Get Started with Application Performance Snapshot for Linux* OS

ID 761880
Date 10/31/2024
Public

Get Started with Application Performance Snapshot - Linux* OS

Introduction

Use Application Performance Snapshot for a quick scan of performance aspects that relate to compute-intensive applications:

  • MPI usage
  • OpenMP* usage
  • Intel® oneAPI Collective Communications Library (oneCCL) usage
  • CPU usage
  • Efficiency of memory access
  • Vectorization
  • I/O and memory footprint
Application Performance Snapshot displays key optimization areas and suggests specialized tools for tuning particular performance aspects, such as Intel VTune Profiler and Intel® Advisor. You can run Application Performance Snapshot on large MPI workloads to analyze scalability issues.
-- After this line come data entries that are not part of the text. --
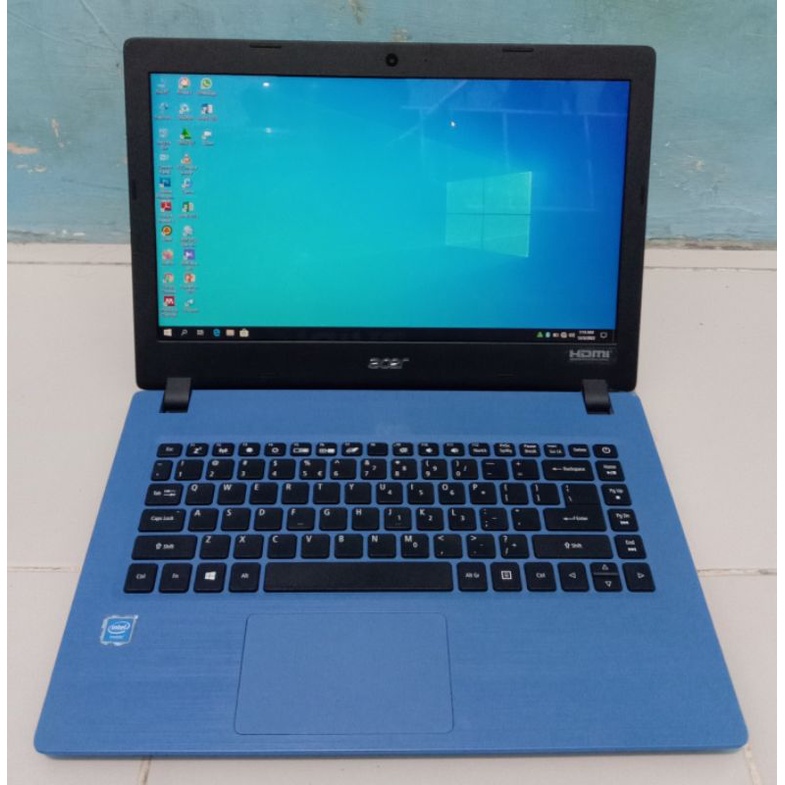 Acer aspire 3 A314 14 inci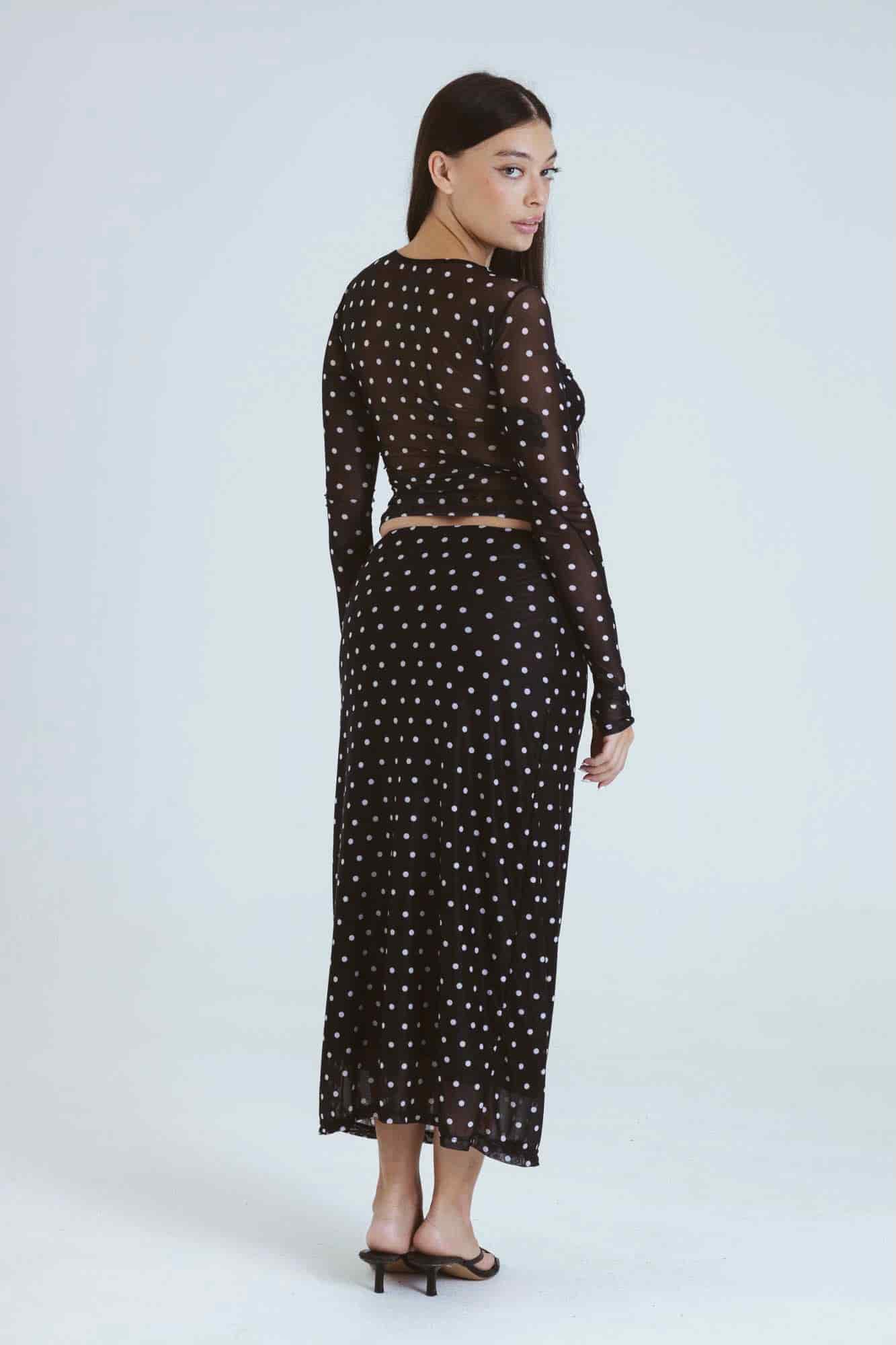 MAGDA MESH TOP - miniatura 6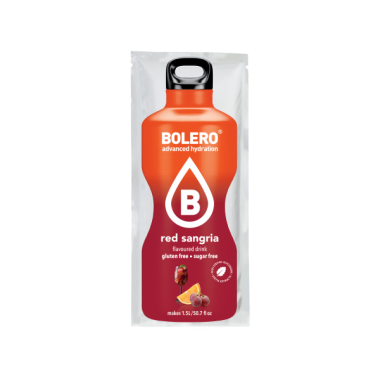 Bolero Drink 9g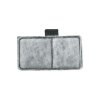 HAQUOSS BLU - 3,8 litri e 9,5 litri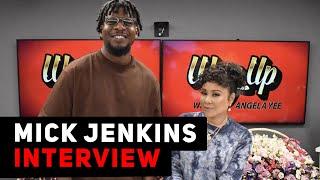 Mick Jenkins Reflects On A Decade Of 'The Water[s]', Lyrics, Politics, Album Features + More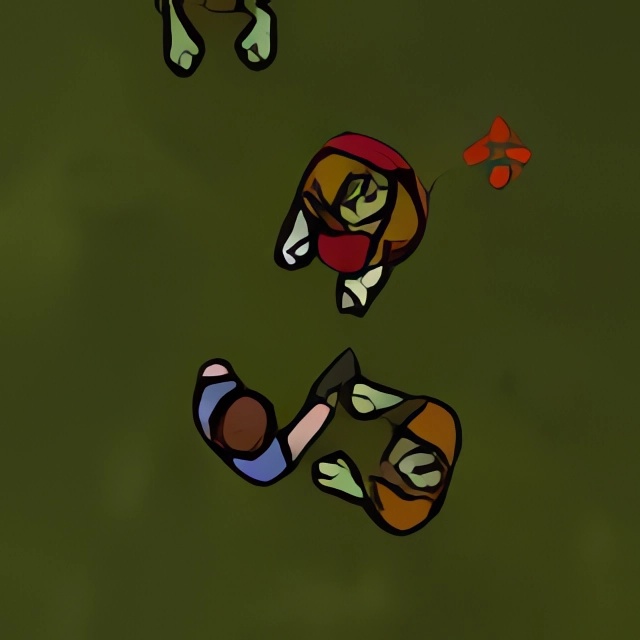 Chơi game Tiêu diệt thây ma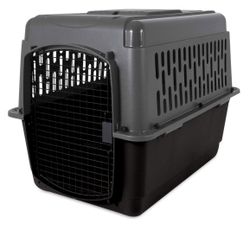 Large Dog Kennel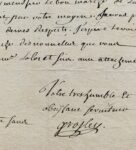 L'historien champenois Pierre-Jean Grosley découvre sa passion des livres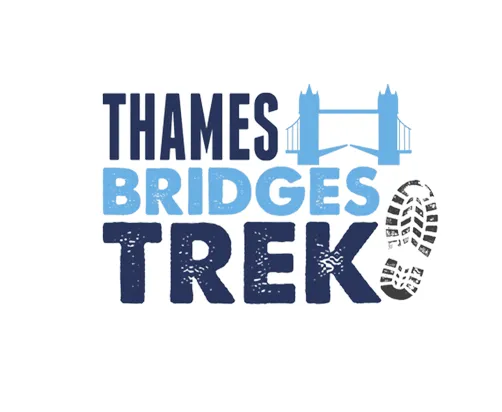 Thames Bridge Trek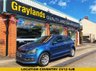 USED 2015 Y VOLKSWAGEN POLO 1.0 SE 3d 74 BHP OVER 200 CARS AVAILABLE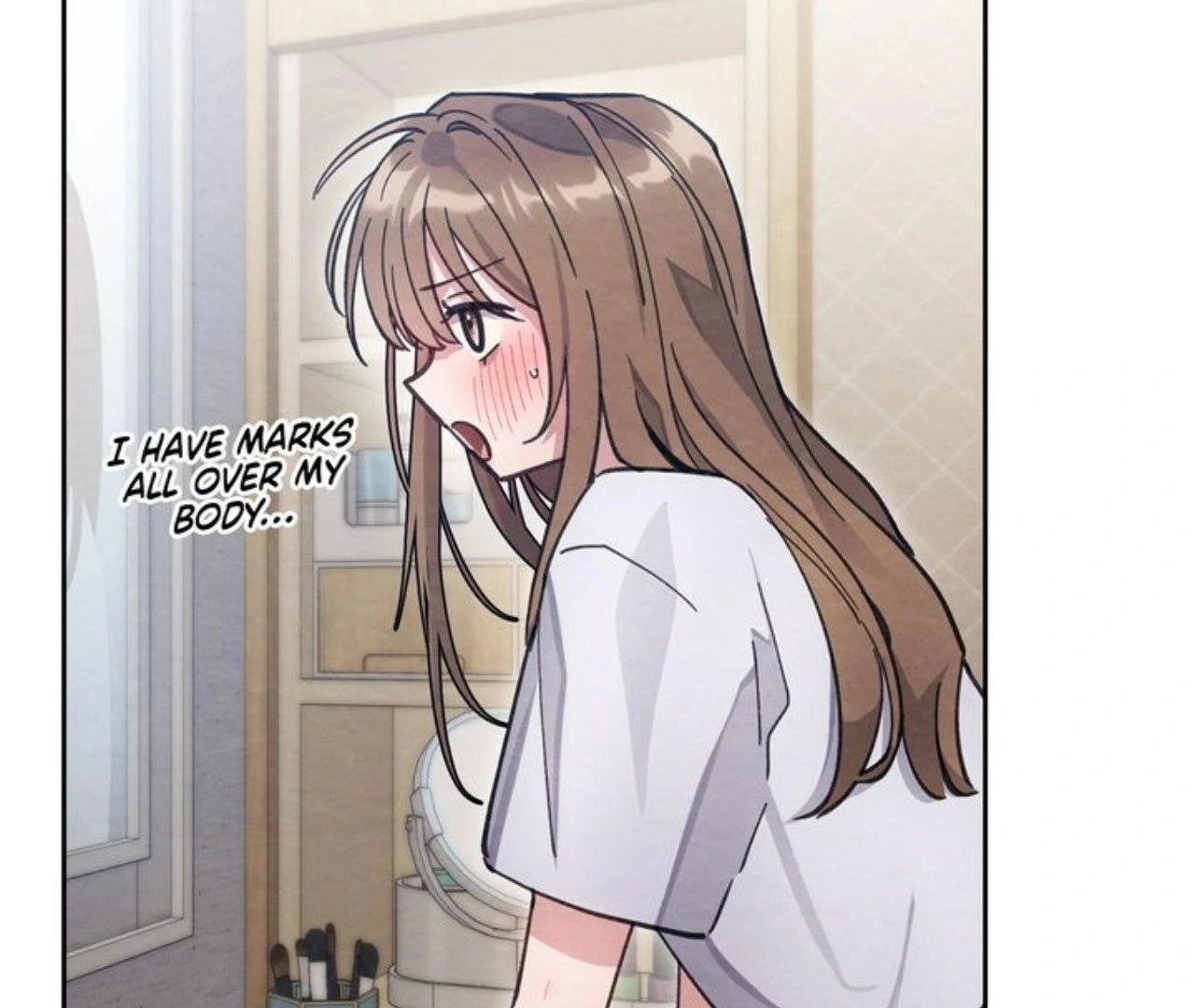 Obscene Neighbors [Official] - Episode 12 manhwa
Download Application Performance Snapshot

Application Performance Snapshot is bundled with all installations of VTune Profiler on Linux* OS. You can also download Application Performance Snapshot through these ways:

Prerequisites

(Optional) Use the following software to get an advanced metric set when running Application Performance Snapshot:

  • Recommended compilers: Intel® C++ Compiler Classic, Intel® oneAPI DPC++/C++ Compiler or Intel® Fortran Compiler Classic and Intel® Fortran Compiler (other compilers can be used, but information about OpenMP* imbalance is only available from the Intel OpenMP library)
  • Intel® MPI library version 2017 or later. Other MPICH-based MPI implementations can be used, but information about MPI imbalance is only available from the Intel MPI library.

(Optional) Enable system-wide monitoring to reduce collection overhead and collect memory bandwidth measurements. Use one of these options to enable system-wide monitoring:

  • Set the /proc/sys/kernel/perf_event_paranoid value to 0 (or less), or

  • Install the Intel® VTune™ Profiler Sampling Driver. Driver sources are available in <vtune_install_dir>/sepdk/src. Installation instructions are available at the Build and Install the Sampling Drivers for Linux* Targets page of the VTune Profiler User Guide.

    NOTE:

    The Intel® Omni-Path Fabric (Intel® OP Fabric) metrics are only available with the Intel® VTune™ Profiler drivers installed.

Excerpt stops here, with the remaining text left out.